# [WHAT THIS TASK INVOLVES]
Look through the entries below for the line with "Close-up of IV" and the line with "phun môi collagen tại vinh, nghệ an", then give again exactly those two lines and all lines between them, minus the pictures.

# [SUPPLIED MATERIAL]
= = = = = = =

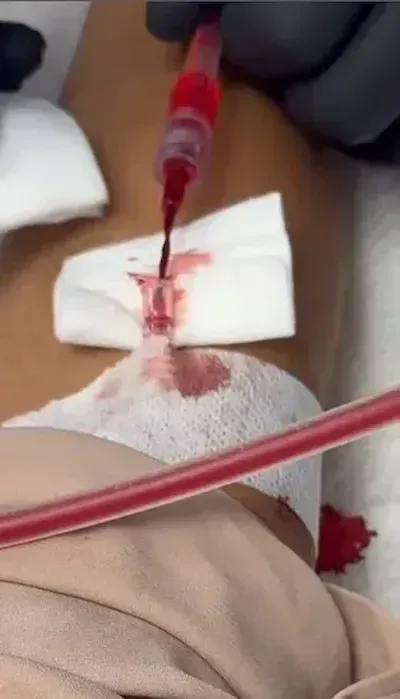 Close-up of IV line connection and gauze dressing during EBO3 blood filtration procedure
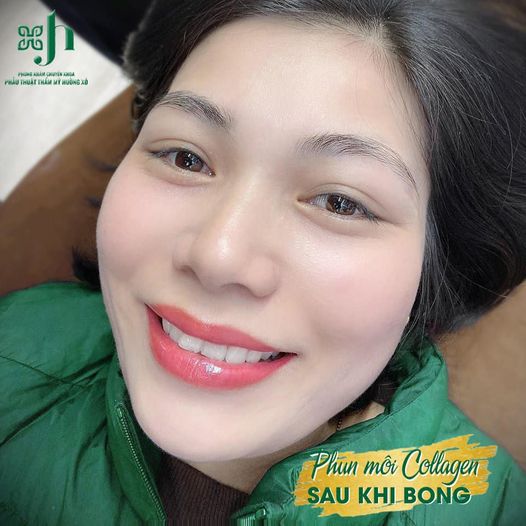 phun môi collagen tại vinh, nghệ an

= = = = = = =

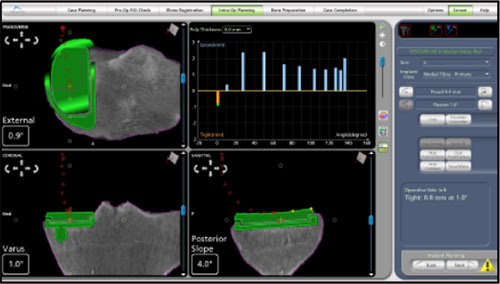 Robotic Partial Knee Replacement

= = = = = = =

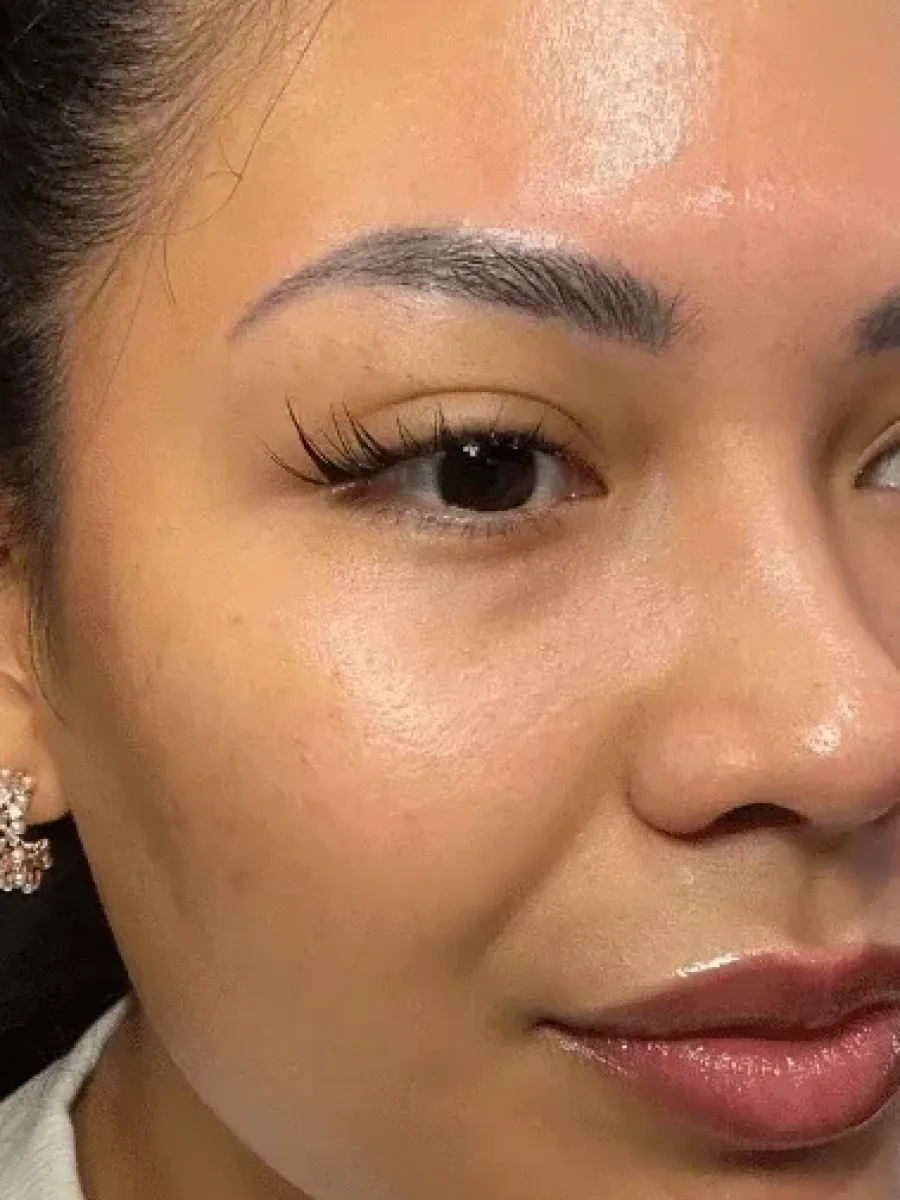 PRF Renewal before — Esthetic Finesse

= = = = = = =

# [RESULT BELOW]
 Close-up of IV line connection and gauze dressing during EBO3 blood filtration procedure
 phun môi collagen tại vinh, nghệ an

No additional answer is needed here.